(HealthDay News) — A clinical demonstration program of supervised walking for older adults admitted to the hospital is feasible and safe, and its participants are more often discharged directly to home, according to a study published online October 30 in the Journal of the American Geriatrics Society.

S. Nicole Hastings, MD, from the Veterans Affairs Medical Center in Durham, NC, and colleagues examined the effectiveness of the STRIDE program among older adults admitted to the hospital with medical illness. STRIDE consisted of a targeted gait and balance assessment by a physical therapist, followed by supervised daily walks for the duration of the hospital stay. Ninety-two STRIDE participants were compared with 35 individuals who were referred for STRIDE but not enrolled.

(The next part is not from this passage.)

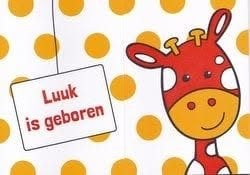 Luuk, Ophalen of Verzenden, 2000 tot heden, Geboortekaartje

The researchers found that the median length of stay was 4.7 and 5.7 days, respectively, for STRIDE participants and those receiving usual care (P=0.31). One inpatient fall was reported in each group (not associated with a STRIDE walk). Ninety-two percent of STRIDE participants and 74% of individuals receiving usual care were discharged from hospital to home (P=0.007) rather than a skilled nursing facility. There was no significant between-group difference in terms of 30-day emergency department visit rates and readmission rates.

“STRIDE is a promising interdisciplinary approach to promoting mobility and improving outcomes in hospitalized older adults,” the authors write.